Colville wanted to say so much that he found but few words. He could only gasp:

“My dear Warden—didn’t you hear?”

“I heard her name, of course, but it cannot be a lady of the same name in whom I was once interested. Still, it is an odd thing it should be mentioned to–night, and in this place. Who is she?”

“Oh, d——n it all!” groaned Colville, “how could any poor devil guess he was in for this sort of stew when he started from Ibi yesterday!”

“I assure you we are wasting precious time, Jimmie. Perhaps it is my fault, but the question was a natural one under the circumstances. Tell your men it is all right, or they may want to prevent my departure; they understand those drums, you know. My only hope of success in case I am stopped at the bend is to keep up the pretense that I am a special envoy from the emirs in the interior. Some day, if we win through this business, I shall have a fine yarn for you. Good–by!”

“But look here, old chap, I can’t let you slip away like that. Confound it! I don’t know what to say, but the plain truth is best, perhaps. The girl you were engaged to, Miss Evelyn Dane, is inside the mission–house now, this minute, and the man I brought from Ibi is the Earl of Fairholme. He told me all about you on the way up. He’s a decent sort, and he is wild over Miss Dane. But it is only fair to add——”

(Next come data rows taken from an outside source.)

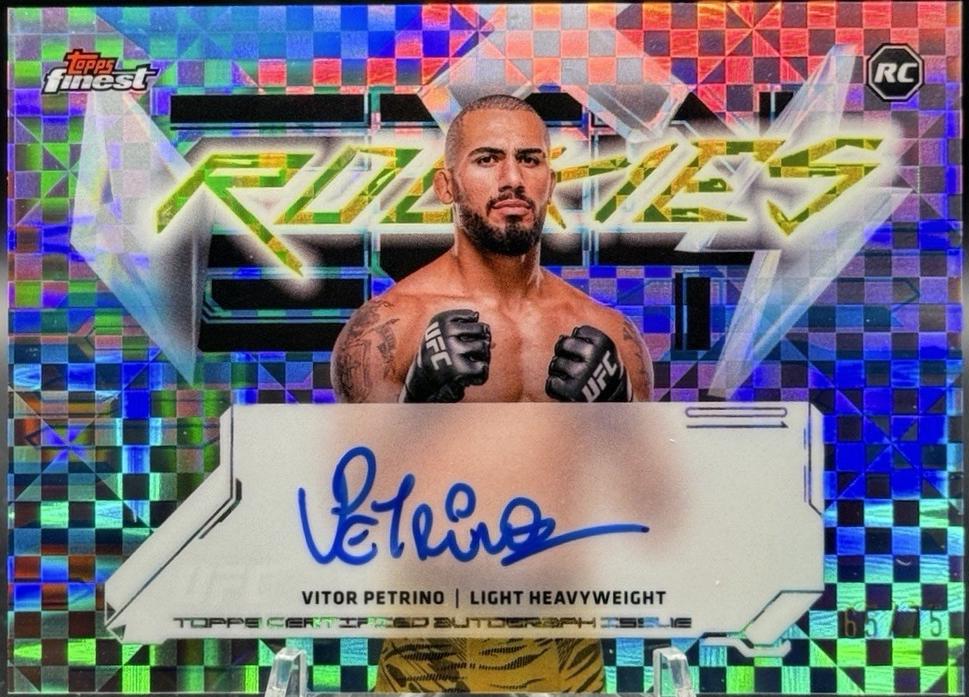 Vitor Petrino 2025 Topps Finest UFC Finest Rookie Autographs #FRA-VP Blue Checkerboard Refractor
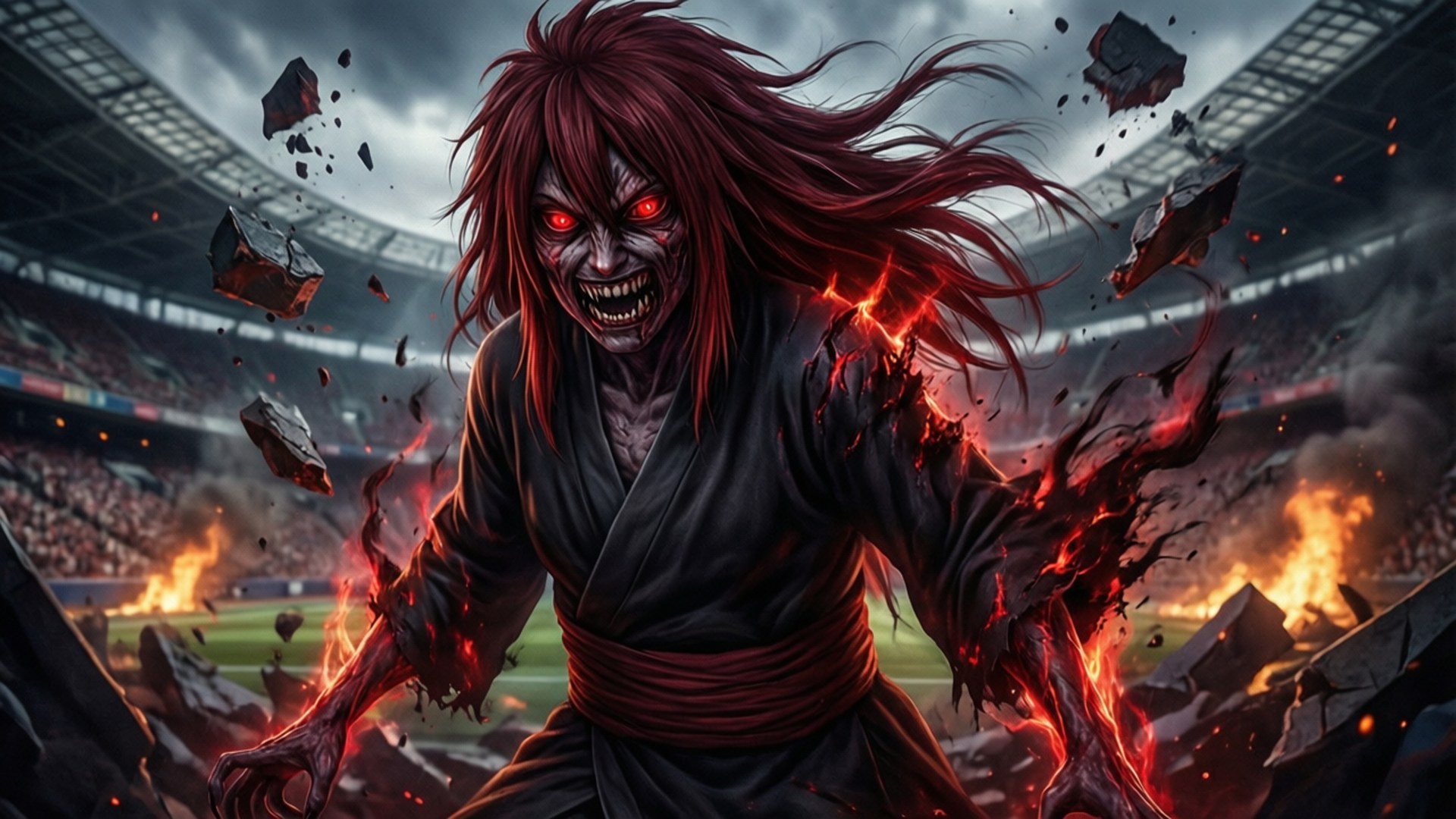 Shu's Dark Evolution 壁紙 — 一個惡魔般的身影，有著發光的紅眼睛和火焰手臂，在一個 crumbling 的體育館中肆虐，碎片飛揚，火焰在周圍爆發。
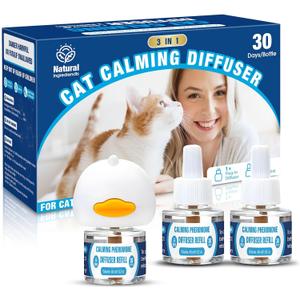 Cat Calming Pheromones Diffuser: 3-in-1 Kit Cat Appeasing Pheromone Diffuser to Calm (1 Plugin+2x48ml Refills) for Comfort Reduces Stress Anxiety, Long-Lasting Appeasing Pheromone for Pet Cat (3in1)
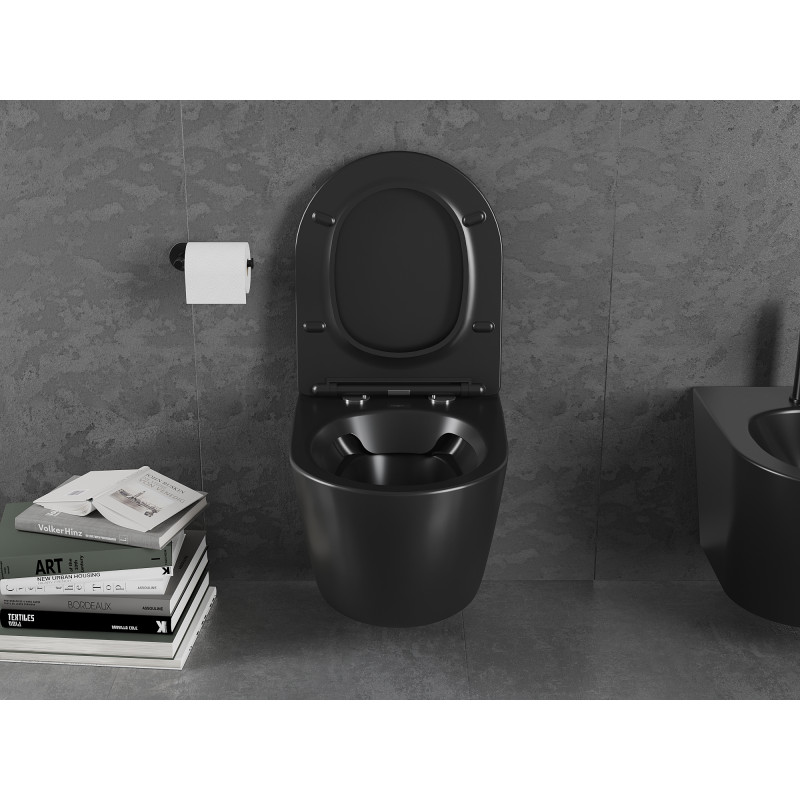 Mexen Lena vas wc Rimless cu capac slim cu cădere lentă, duroplast, negru mat - 30221085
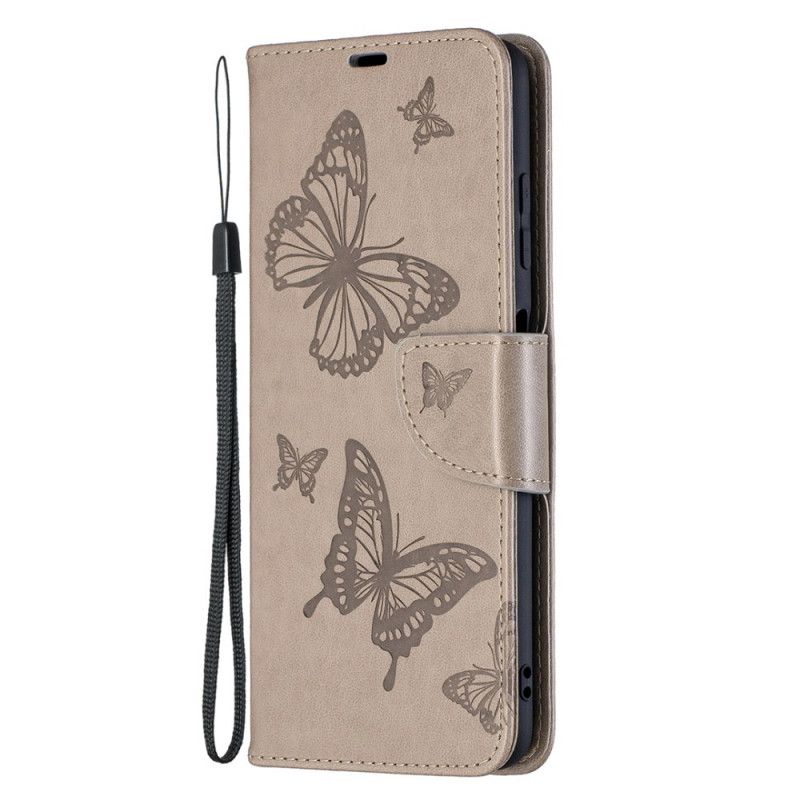 Lederhüllen Für Xiaomi Poco X3 Grau Bedruckte Schmetterlinge Mit Tanga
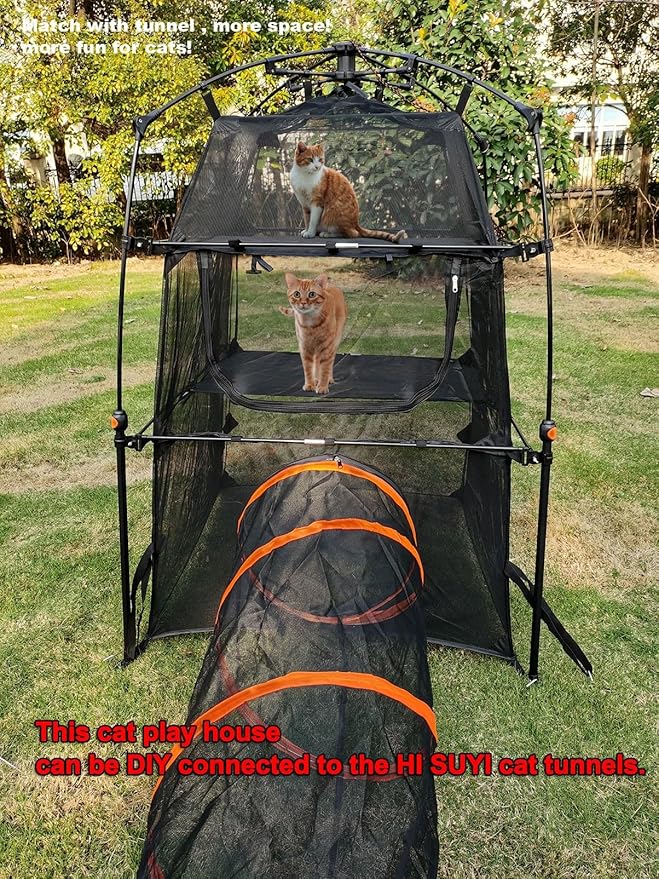 Portable Large Pop Up Pet Cat Tents Enclosures for Outside Patio-Mewly Pet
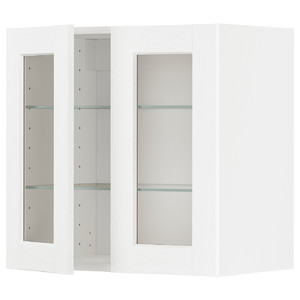 METOD Wall cabinet w shelves/2 glass drs, white Enköping/white wood effect, 60x60 cm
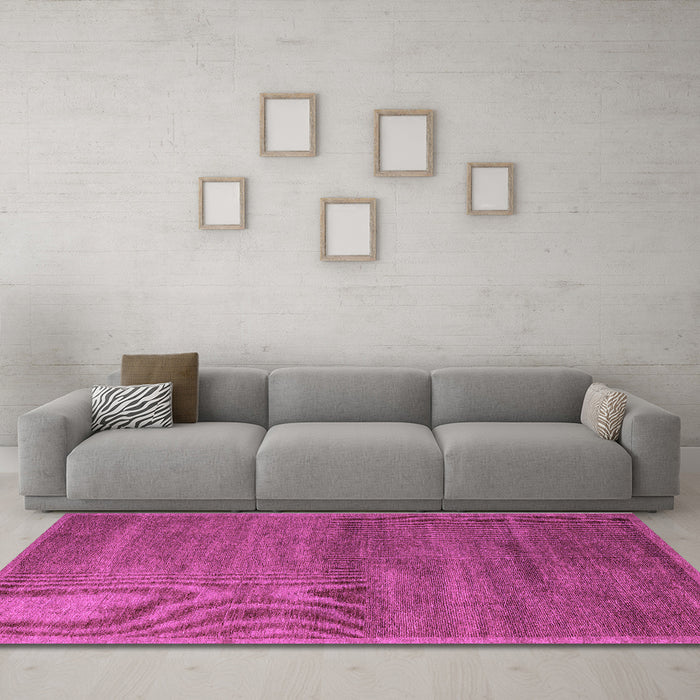 Machine Washable Abstract Purple Modern Area Rugs in a Living Room, wshabs4676pur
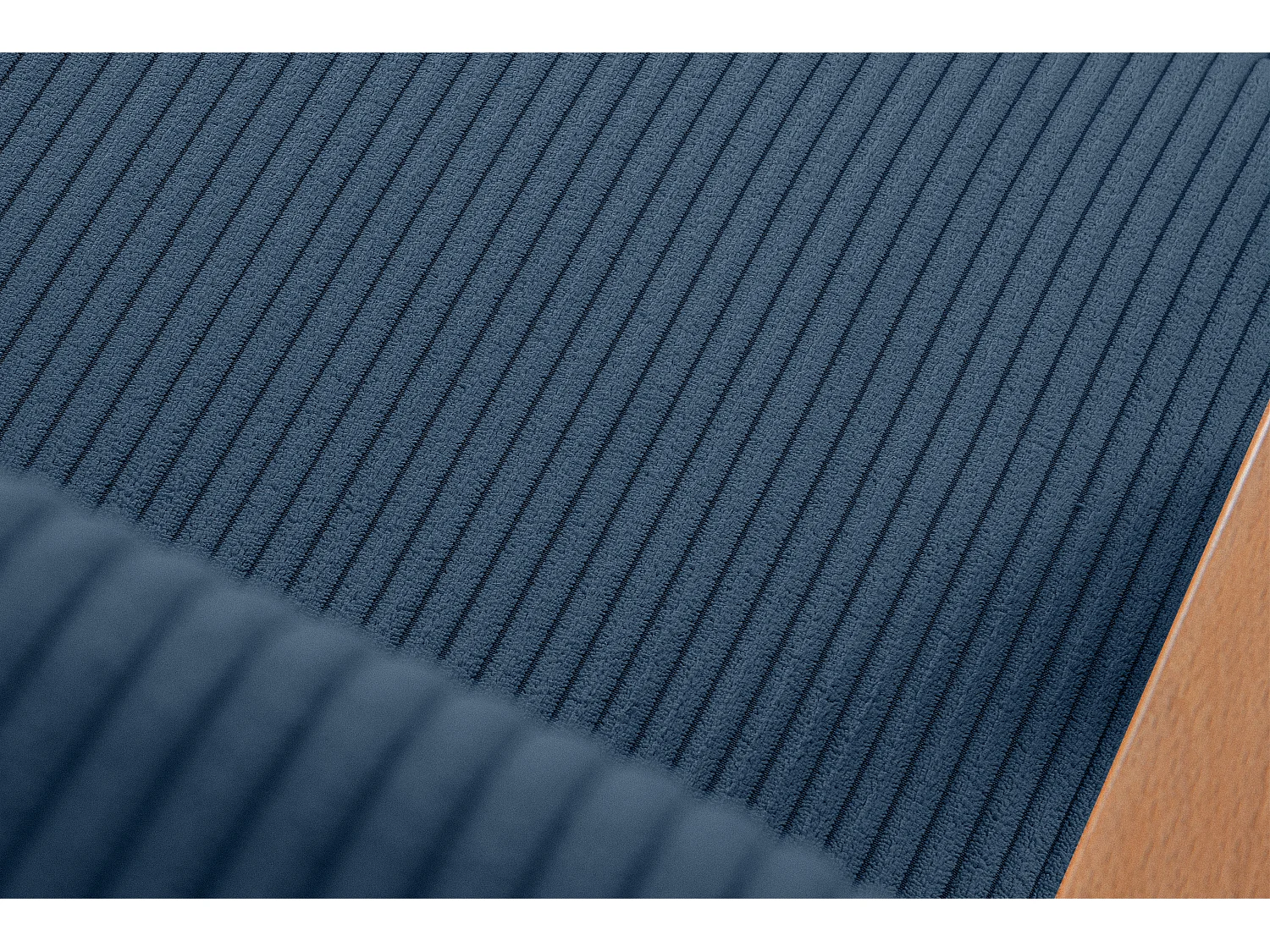 Vintage Sessel gepolstert Echt-Holz-Rahmen - dunkelblau - NASET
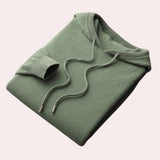 Beige wool cowl neck sweater displayed in a green variant, size XL, showcasing long sleeves and a comfortable knit pattern suitable for elegant women's winter fashion.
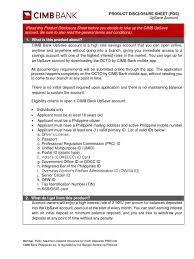 Cimb bank makes no warranties as to the status of this link or information contained in the website you are about to access. Cimb Product Disclosure Sheet Upsave Account 03252019 Pdf Identity Document Fee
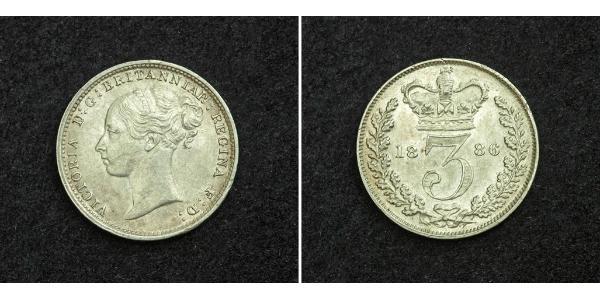 1 Threepence Сполучене королівство Великобританії та Ірландії (1801-1922) Срібло Вікторія (1819 - 1901)
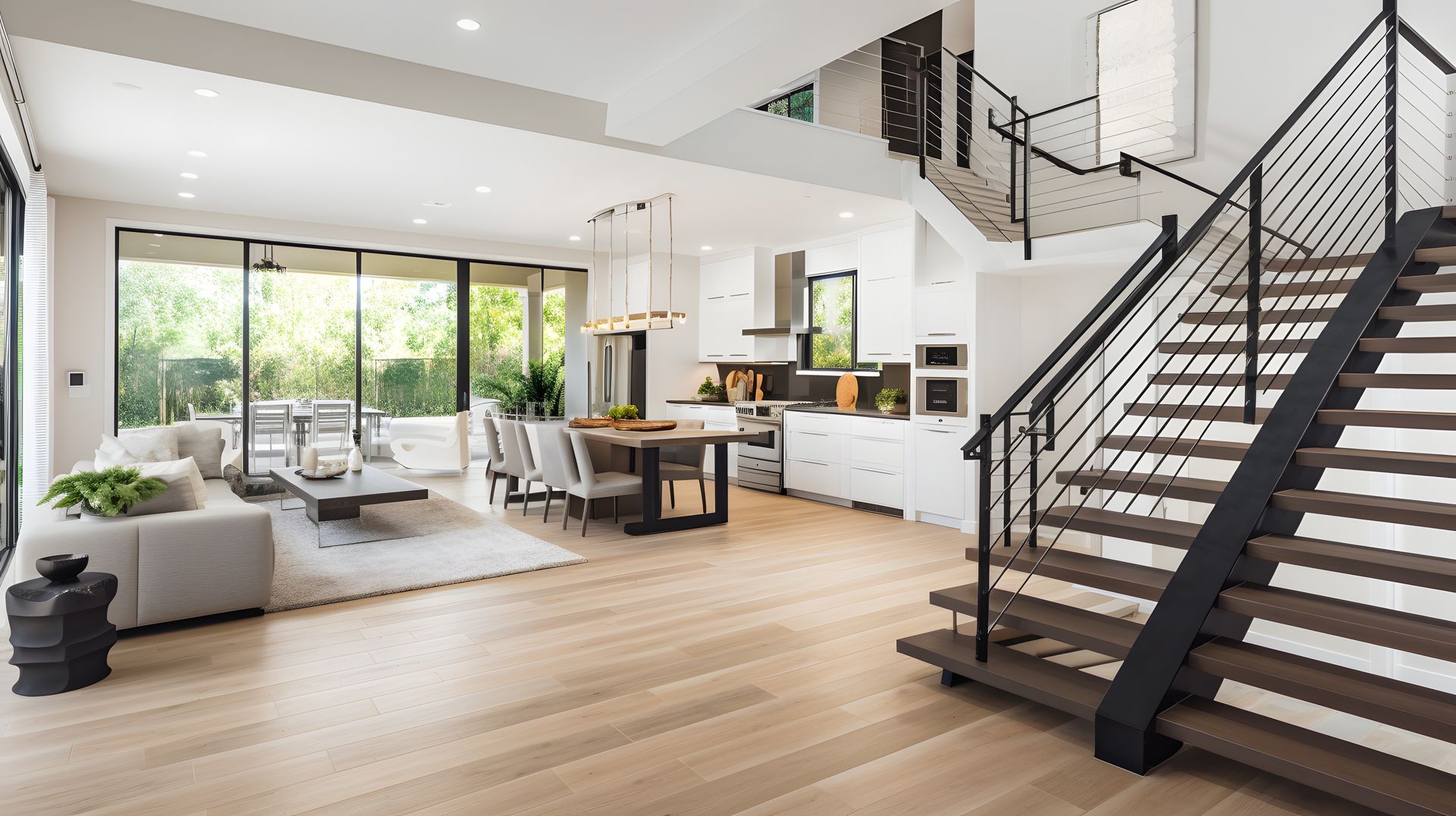 Open-concept home interior with light wood floors, a modern staircase, and a kitchen area, with a living room visible through large windows.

A series of blood–curdling yells and a volley of musketry that lit the bush with spurts of flame put an abrupt end to Colville’s qualifying sentence. He was so taken aback by the extraordinary coincidence that Warden should arrive at Kadana almost at the same instant as the man who had come there with the avowed intent of taking Evelyn Dane home to England as his wife, that for one bemused second he failed to grasp the imminence or extent of the native onslaught.